City sit first. One point ahead. Liverpool, having claimed eight successive wins since that derby draw, need to beat Wolves and hope Pep Guardiola’s imperious, treble-chasing team slip up on the south coast.

It starts well. Sadio Mane continuing his excellent form with a typical poachers’ finish from close range. And it soon gets better when, following a mischievous onlooker spreading fake news around Anfield that Brighton had gone ahead against City, the Seagulls do actually take the lead – Glenn Murray potentially becoming Liverpool’s unlikely hero. Everton are, at that stage, 1-0 down. Disaster looms.

Sergio Aguero had other ideas. Brighton’s lead lasted 83 seconds. Aymeric Laporte made it 2-1 before half-time. Anfield’s joy turned to dejection, an acceptance that Liverpool’s incredible season might just not end with a league title that, in almost any other campaign, would have warranted. But hope remained. That was until Mat Ryan palmed Mahrez’s strike into the top corner. Ilkay Gundogan’s pinpoint free-kick rounding things off.

Down in north London, Evertonians rejoiced. Christian Eriksen’s fine free-kick had just drawn Spurs – Liverpool’s opponents in the upcoming Champions League final – level, but it did not matter. Tottenham’s home support were serenaded with chants of “we’re gonna have a party, when Tottenham win the cup”. Blue Moon – City’s famous anthem – was belted out. One end of days scenario has been avoided, even if just for another year.

This is not a slight against Liverpool. This is rivalry. The bitterness, the humour, the temporary backing of another team. The enemy of my enemy is my friend, after all.

Revelling in a rivals’ near-miss, because ‘failure’ in this instance is perhaps too strong of a term, is part of the tribalism that sill makes football – and for that matter, other sports steeped in working-class history – great. In the mega-money Premier League, it is one of the few callbacks to the old days that remains firmly, and fantastically, intact. Ask Sheffield Wednesday fans how they felt about their owner taking to the club’s website to congratulate Sheffield United on their promotion to the big time.

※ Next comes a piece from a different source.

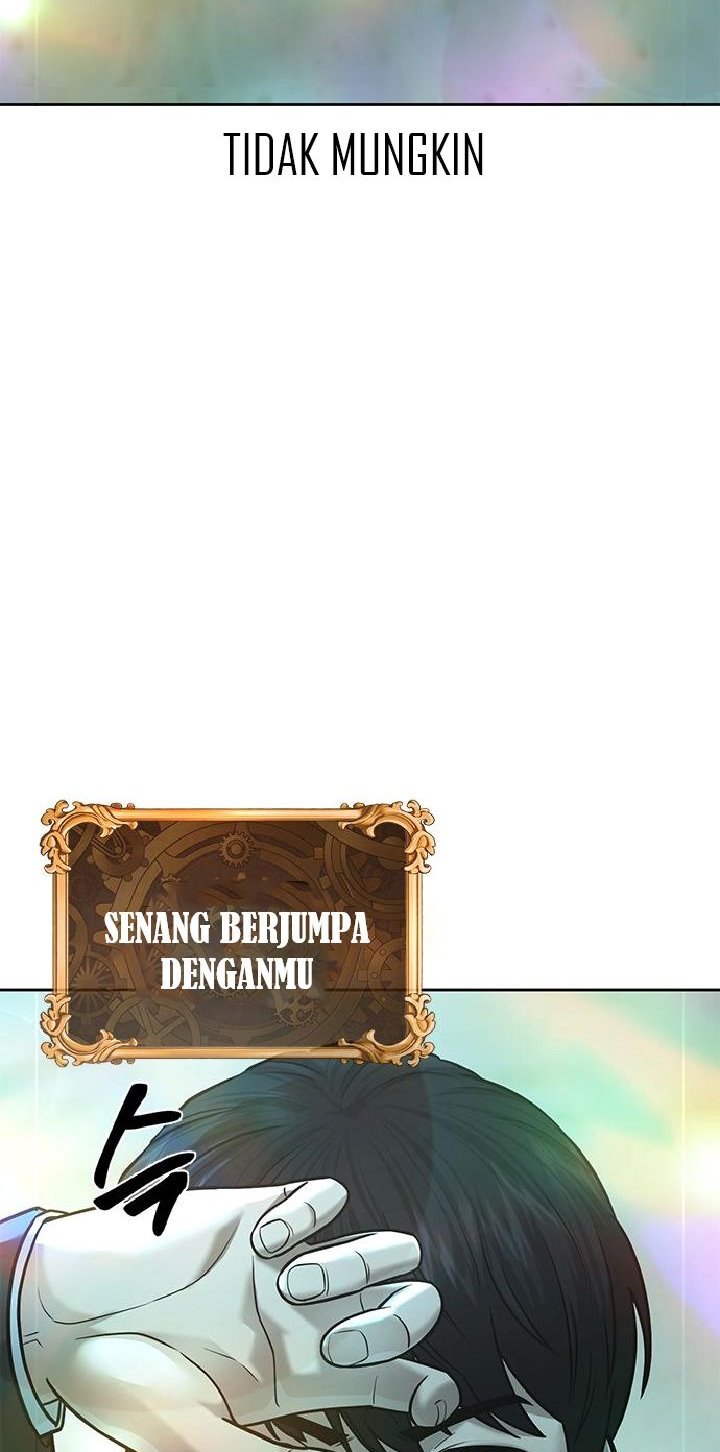 image-komik-quest-supremacy-chapter-18-101/111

This is not the social-media vitriol that is far too present across all subjects, not just sport. It is genuine rivalry that goes back generations. Why should Evertonians, who like their Red neighbours will put the rivalry aside when it really matters, when it effects real life, real issues, not enjoy the moment? Enjoy that, even though we are all quite aware that it does not quite work that way, Liverpool lost the league at Goodison Park?

Less than two weeks remain until Klopp will take Liverpool and their merry band of raucous support – the self-proclaimed best fans in the world – to Madrid to face Spurs. They may well win their sixth European Cup, having missed out last year. In fact, they will be overwhelming favourites. They are a fantastic side with five or six genuinely world class players. There is little shame in acknowledging that.

But June 1 is not yet here. And in the meantime, fans of Everton, Manchester United, between a rock and the proverbial hard place this season, and, of course, the champions City, who for so long have lived in the shadow of their own nemesis, have every right to goad Liverpool. They have every right to take some form of sick pleasure in the fact that 97 points and just one defeat was not enough to win the league. If it were the other way round, you would expect the same.

Everton have not won a trophy since 1995. A fairly middling but promising first season under Marco Silva has at least, with a positive finish, seen some form of momentum return to L4.

But while the blue side of Merseyside cling onto the hope that good times are around the corner once again, they should be able to at least take delight in their arch rivals’ own barren spell without silverware continuing for just a little longer.

We’ll never hear the end of it either way.